Lecture 1: Introduction to Vision Systems

Lecture 1: Introduction to Vision Systems

Graphics, Image Processing and Vision

The field of vision is closely related to image processing and frequently the name image processing is used to cover both fields. The meaning adopted in this course is illustrated by diagram 1.1. Image processing is concerned with improving the quality of an image. The typical tasks undertaken in image processing are:

removal of defects such as scratches or other noise
improvement of contrast
removal of camera blur
removal of motion blur
enhancement of structure
enhancement of colour

In all these cases we are taking an image, and processing it to improve its visual appearance, or to make features more apparent to the viewer.

By contrast, in vision, we take images and extract features. The end point may be a different kind of image, or may be some more abstract feature description. The types of tasks we are concerned with are:

determining the type of an object in the picture
assessing an object for quality
breaking a picture into different parts
constructing a 3D representation of an object
extracting a line representation of an object
reasoning about a scene to deduce hidden properties

Vision is the exact opposite process to graphics. In graphics, we start with a functional description and end up with a picture representation which is a set of pixels. In the case of graphics, we have complete information and so the problems are largely algorithmic. For vision, we do not have complete information, and therefore we must use domain specific knowledge, assumptions or heuristics to achieve our goal.

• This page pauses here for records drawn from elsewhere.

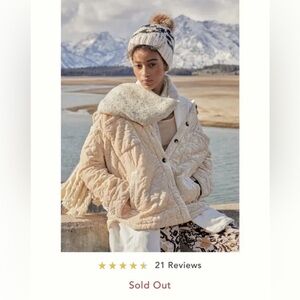 NWTs Anthropologie cream velvet shacket jacket size XXS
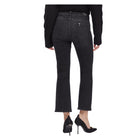 Jeans Donna Liu-Jo B.Up Princess Trombetta Strass Nero Lavato
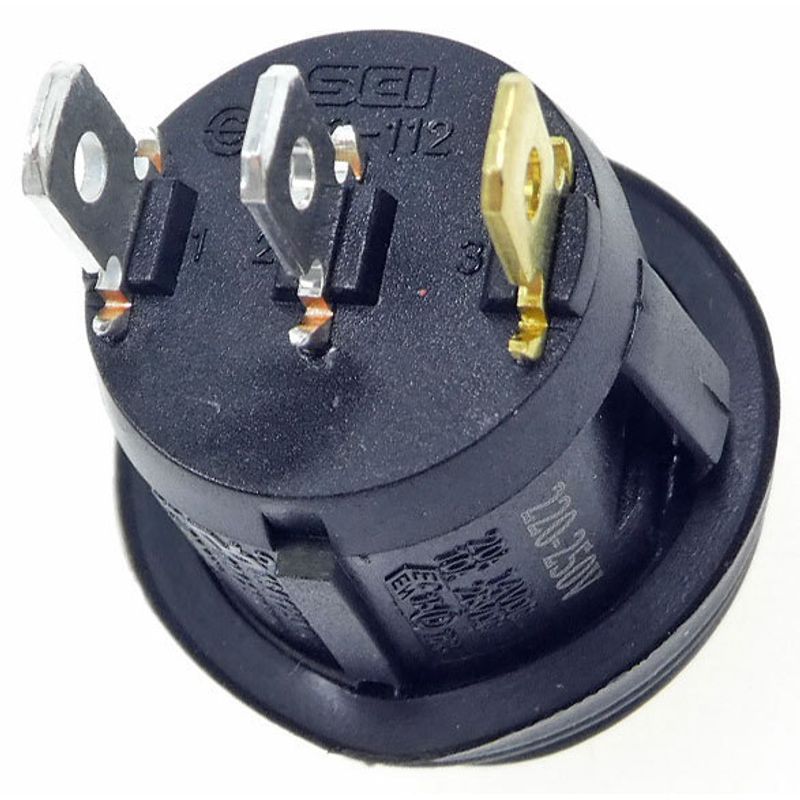 Casa si Gradina - Electrice - Distributie electrica si comanda - Intrerupatoare - Intrerupator ROCKER SPST 2 pozitii OFF-ON cu retinere 10A/250VAC verde IP65 lampa cu neon ermetic SCI R13-112B8W-02-BGNN-0A-N2 - Infinity.ro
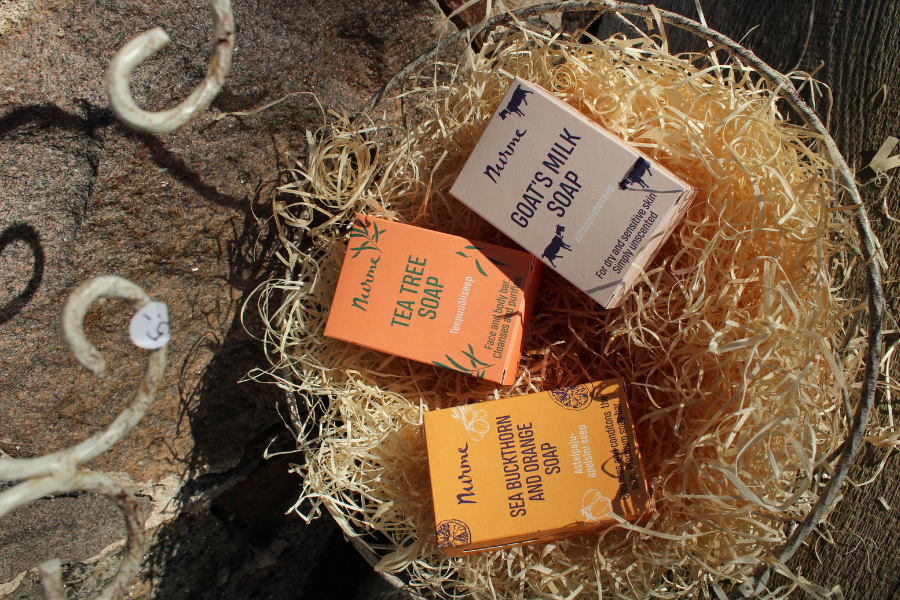 Nurmen palasaippuat esillä 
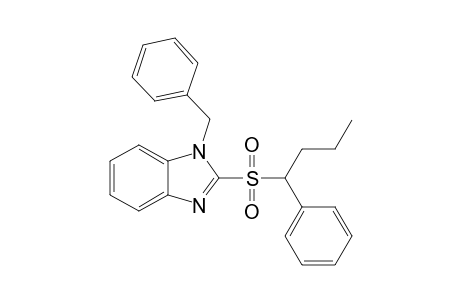 2-[(1-Phenylbutyl)sulfonyl]-1-(phenylmethyl)benzimidazole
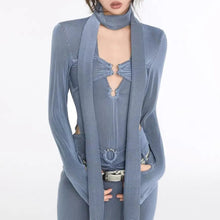 Load image into Gallery viewer, &#39;Dandelion&#39; Stripped Hollow Out Stripped 2 Pcs Suit AlielNosirrah
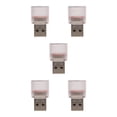 thumbnail image 2 of maskred Veilleuse USB Étoile Mini Ciel Romantique Étoilé Flexible pour Fête Rouge USB Coloré LED 5Set, 2 of 6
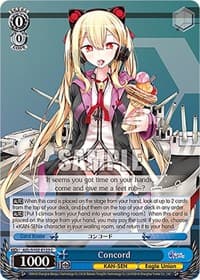 Concord - Azur Lane - Weiss Schwarz card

Application oriented vision systems

Application oriented systems have been quite successful over the last few years. Typical applications are:

Vision based robots

Quality assessment systems

The construction of these systems is highly domain dependent, but none the less some techniques have been devised which have usefulness beyond their immediate application. Also included here are the so called high performance vision systems which use artificial intelligence methods. Here the identification of image features depends on heuristics which inevitably create application specificity.

General purpose vision systems

The intention is to provide a system that can recognise image properties in a wide variety of image types. So far the only successful systems are pattern recognisers which can be trained. However, general purpose vision remains an important research goal. A common approach in constructing general purpose vision systems is to use brain modelling. That is to say we attempt to construct a system which works in a way analogous to the human vision system. Such systems fall into two classes:

- low level in which we model the micro structure of the brain as far as it is understood. Models of the visual cortex (and other brain structures) have been provided by physiologists (Hubel and Wiesel) and have formed the basis of neural net systems such as Wisard.

high level behavioural models, in which the psychologists understanding of perception is modeled.

In practice, even the most general purpose systems will have application specificity.

Computational Models for vision

In designing a vision system some specific questions need to be answered:

1. What information is sought from the image.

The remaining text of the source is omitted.